One final piece of advice is to take the time to watch how everyone uses the kitchen over time. While you don’t need to hire a time-and-motion expert, step back and notice where people stand, what cabinets are most often used, or how many times you bend down or need a stool to reach up. Often, you can find clues about the use of a kitchen by looking for patterns of wear.

If you’ve got a wood floor in the kitchen, chances are you’ll see wear or stains where most of the activity occurs. You’ll always see heavy traffic in front of the sink and fridge, but you might find surprises elsewhere. For example, one household noticed wear on the far side of a kitchen island where no cooking or prep occurred. The answer? That’s where the dog food and treats were stored, making it a popular spot that saw a lot of action.

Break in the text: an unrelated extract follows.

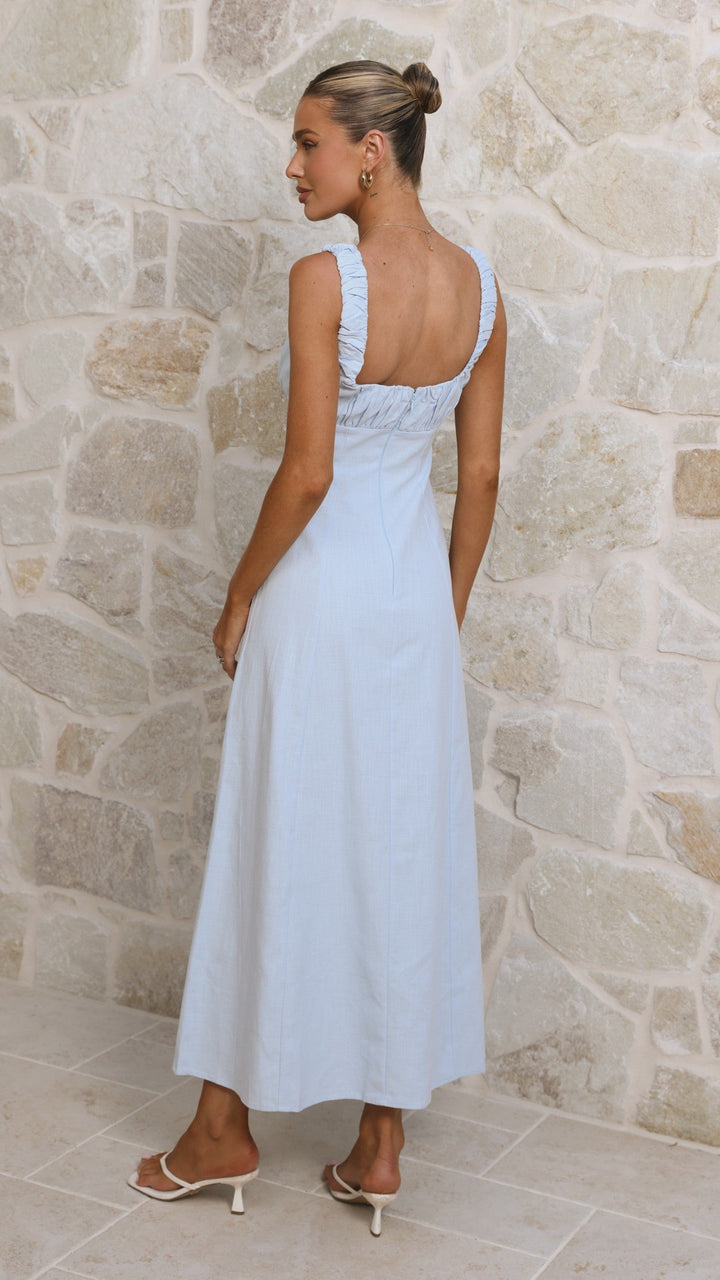 Araina | Women's Elegant Maxi Dress - Blue — 2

Worn-out hinges are another great clue for heavy use. If you’re always cursing a cabinet door or drawer that doesn’t close correctly, chances are there’s a flurry of activity happening right there.

Armed with your list of must-haves and nice-to-haves and a solid understanding of how your kitchen is used, you’ll be prepared to meet with your designer and come up with a great plan that satisfies both you and your budget.